Exercise 3:  ABAC form
1. Snare drum:  ABAC
C:  dzdz dzzz   (leave A and B as above)
Exercise 4:  nested repeats
Parentheses allow you to repeat combinations of patterns.  To repeat a form such as AABA 4 times, you would write (AABA)4.  The total length of (AABA)4 is 4 times the length of AABA.  In the exercises we've been doing, A and B have length 8 beats, so AABA has length 32 beats and (AABA)4 has length 128 beats.
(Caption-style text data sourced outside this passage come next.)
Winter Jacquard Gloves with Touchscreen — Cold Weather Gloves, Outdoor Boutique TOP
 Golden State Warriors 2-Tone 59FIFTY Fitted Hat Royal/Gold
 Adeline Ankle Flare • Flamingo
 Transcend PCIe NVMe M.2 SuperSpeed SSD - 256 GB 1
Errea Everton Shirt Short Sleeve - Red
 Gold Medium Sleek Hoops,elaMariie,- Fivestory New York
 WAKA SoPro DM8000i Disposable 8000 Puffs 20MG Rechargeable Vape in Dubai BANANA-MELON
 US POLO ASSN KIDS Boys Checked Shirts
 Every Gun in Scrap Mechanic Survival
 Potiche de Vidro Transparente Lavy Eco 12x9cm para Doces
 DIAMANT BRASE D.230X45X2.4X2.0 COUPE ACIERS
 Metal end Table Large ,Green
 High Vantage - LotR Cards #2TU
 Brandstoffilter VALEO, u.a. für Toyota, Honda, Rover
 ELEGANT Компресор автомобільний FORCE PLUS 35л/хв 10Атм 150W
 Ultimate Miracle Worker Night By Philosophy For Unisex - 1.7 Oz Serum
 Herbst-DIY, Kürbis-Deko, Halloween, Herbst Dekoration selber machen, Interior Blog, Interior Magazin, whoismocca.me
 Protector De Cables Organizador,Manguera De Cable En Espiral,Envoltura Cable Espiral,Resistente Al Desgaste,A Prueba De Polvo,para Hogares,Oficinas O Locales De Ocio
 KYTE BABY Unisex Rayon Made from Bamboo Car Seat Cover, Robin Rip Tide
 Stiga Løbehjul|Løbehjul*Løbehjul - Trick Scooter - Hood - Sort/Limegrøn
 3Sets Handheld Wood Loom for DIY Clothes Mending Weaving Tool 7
Leaving patterns A, B, and C alone, try the following structures:

• 1.  Snare drum:  (AABA)4
• 1.  Snare drum:  (AB)3 C   What is the total length of this pattern?
• 1.  Snare drum:  ((AB)3 C)4   What is the total length of this pattern?
Mathematically, compositional structure is a little like algebra:  you have variables (A, B, etc.) that can be assigned values (in this case, patterns).

Adding instruments and rests.  There is one rule to remember:  every instrument must be assigned the same number of beats.  This doesn't mean that each instrument has the same number of rests or hits--just the same total number of beats.  Using the 8-beat patterns A, B, and C, and rests indicated by z (for 8 beats rest, type z8), the following is a legitimate composition:

1.  Low Woodblock:   A  z8 B  z8
2.  High Woodblock:  z8 A  z8 C
Exercise 5:  Try this on abcdrums.

However, the following is not a legitimate composition, because the number of beats in part 1 is 24, but there are 32 beats in part 2.

1.  Low Woodblock:   A  z8 B
2.  High Woodblock:  z8 A  z8 C
This form (i.e. when one instrument ``answers'' another) is called call-and-response.

Delaying the entry of one instrument.  Sometimes you don't want every instrument to start at once!  To do this, you must assign rests to some instruments at the beginning of the piece:

Exercise 6:  Delayed entry

1.  Low Woodblock:  (A  z8 B  z8)4
2.  High Woodblock: (z8 A  z8 C )4
3.  Bass Drum:      z32  (DDDC)3
4.  High Bongo:     z32  (EEEC)3
Pattern D:  dzzz dzdz
Pattern E:  zddd zdzd
Patterns D and E are called complementary--whenever D has a hit, E has a rest, and vice-versa.